#### Aim of the exercise:
Give the lines again exactly as they appear below, from the line with "Berlin, Unter Den" to the line with "Cannon Hill Apartment", both included, and only those lines. Leave every picture out.

(Beginning of The records)

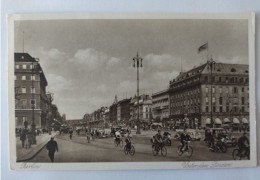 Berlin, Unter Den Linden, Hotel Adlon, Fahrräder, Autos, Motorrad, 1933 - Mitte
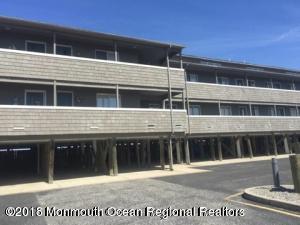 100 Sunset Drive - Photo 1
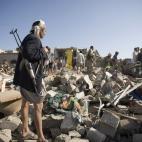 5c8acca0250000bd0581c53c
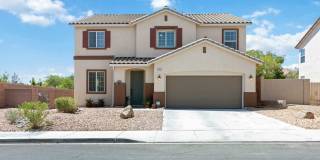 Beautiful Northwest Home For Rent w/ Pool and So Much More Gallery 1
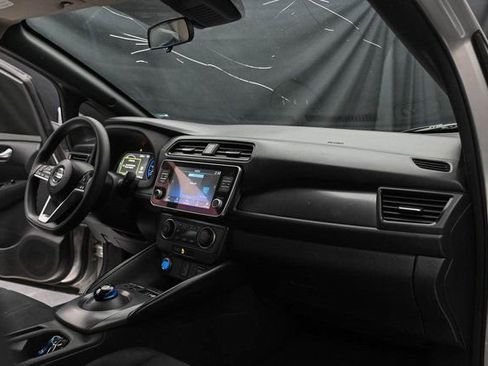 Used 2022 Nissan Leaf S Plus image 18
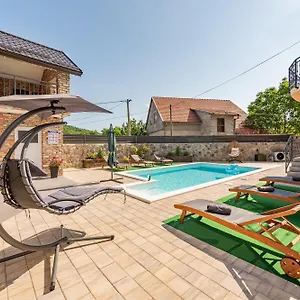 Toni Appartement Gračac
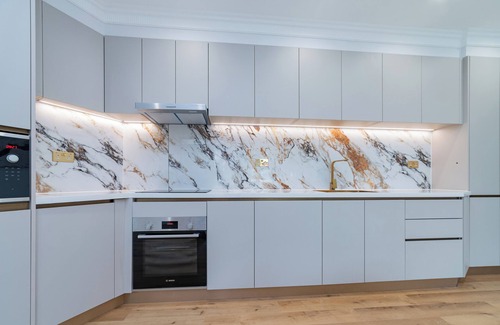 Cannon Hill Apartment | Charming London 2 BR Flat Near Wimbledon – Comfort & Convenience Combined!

(End of The records)
(Beginning of The records)

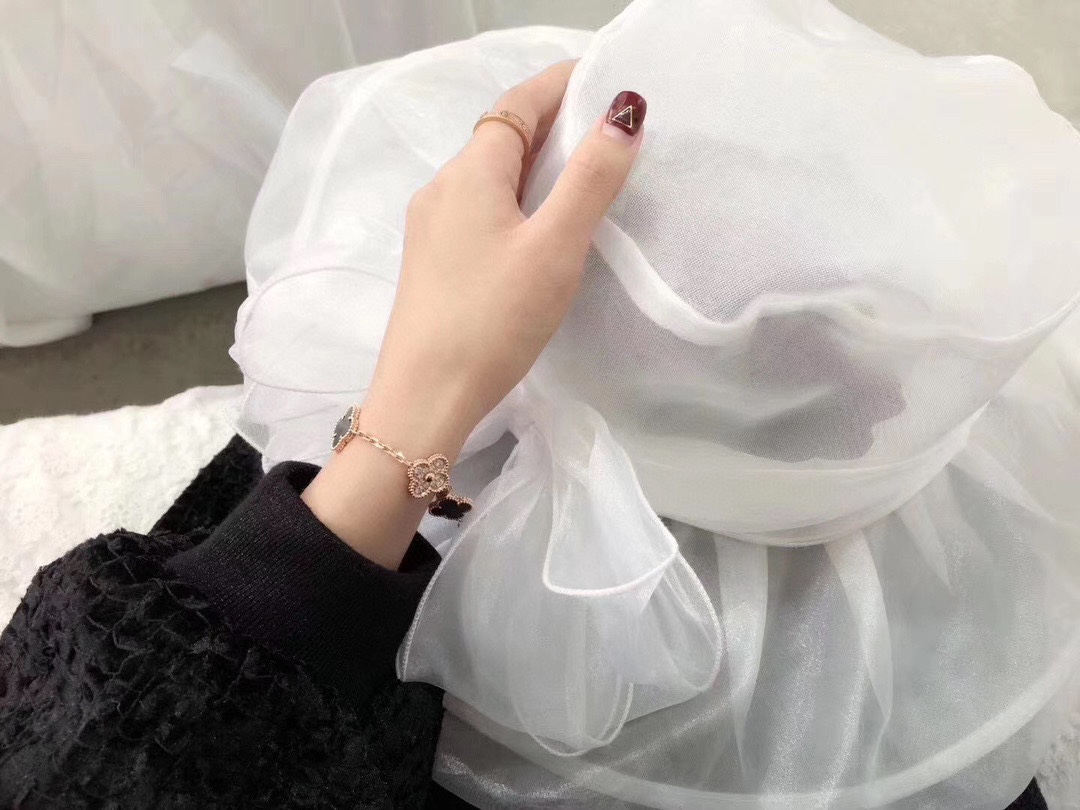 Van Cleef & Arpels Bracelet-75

(End of The records)

#### Solution for this problem:
 Berlin, Unter Den Linden, Hotel Adlon, Fahrräder, Autos, Motorrad, 1933 - Mitte
 100 Sunset Drive - Photo 1
 5c8acca0250000bd0581c53c
 Beautiful Northwest Home For Rent w/ Pool and So Much More Gallery 1
 Used 2022 Nissan Leaf S Plus image 18
 Toni Appartement Gračac
 Cannon Hill Apartment | Charming London 2 BR Flat Near Wimbledon – Comfort & Convenience Combined!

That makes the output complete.